3. RELATIONSHIP WITH OTHER BODIES
(a) The Group responds to all relevant Consultation Papers issued by the Law Society, the Solicitors Regulation Authority, Legal Services Board, Legal Aid Agency and other relevant bodies. The SPG provides an effective means for the Group to convey the views of sole practitioners and to consult and lobby on matters affecting sole practitioners to organisations which impact on the practice and regulation of sole practitioners.
(b) At present under the current composition of The Law Society Council, the Group is entitled to nominate two sole practitioners as council members. These Council Members express their views in Council independently in the interests of the profession as a whole but are able to relay the concerns of sole practitioners. Sole practitioners also play their part in contributing the to well being of the profession by participating in the activities of Local Law Societies, representing geographical Constituencies on the Council, and where possible, serving on Committees and Working Groups of the Law Society.
(c) Members of the Executive Committee have also worked with the Lexcel team to ensure that there is special consideration given to the needs of sole practitioners in applying Practice Management Standards.
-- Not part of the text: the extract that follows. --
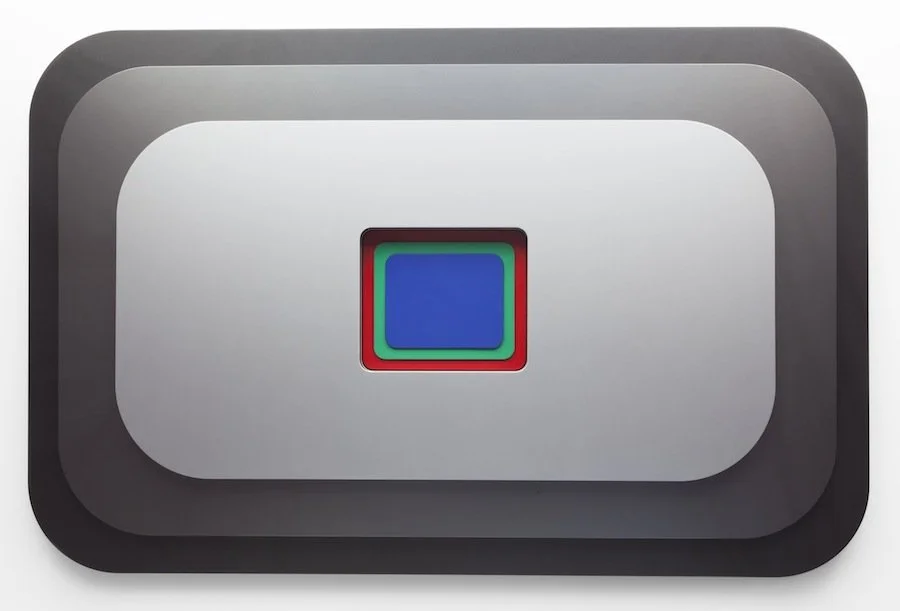 Electromagnetic Spectrum / RGB, 2014
Enamel on aluminum
48 x 60 x 5.5 in (121.9 x 152.4 x 14 cm)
Lexcel is seen as the important development for all practices including sole practitioners but the Group is anxious to ensure that sole practitioners are not put off by the extensive documentation in the Lexcel pack, some of which is over complicated for very small practices.
(d) The Group is able to relay official information to members in a way that the Solicitors Regulation Authority and other organisations in their regulatory and disciplinary role may be unable to do. It is also possible through the Group’s newsletter and other means to explain complex Policy Issues on which Executive Committee members, because of their direct involvement with the Law Society, are up to date and more conversant than the average member. Sole Practitioners also respond to the experiences of other working practitioners and are encouraged if “one of their own” has adopted one or other of the Law Society initiatives.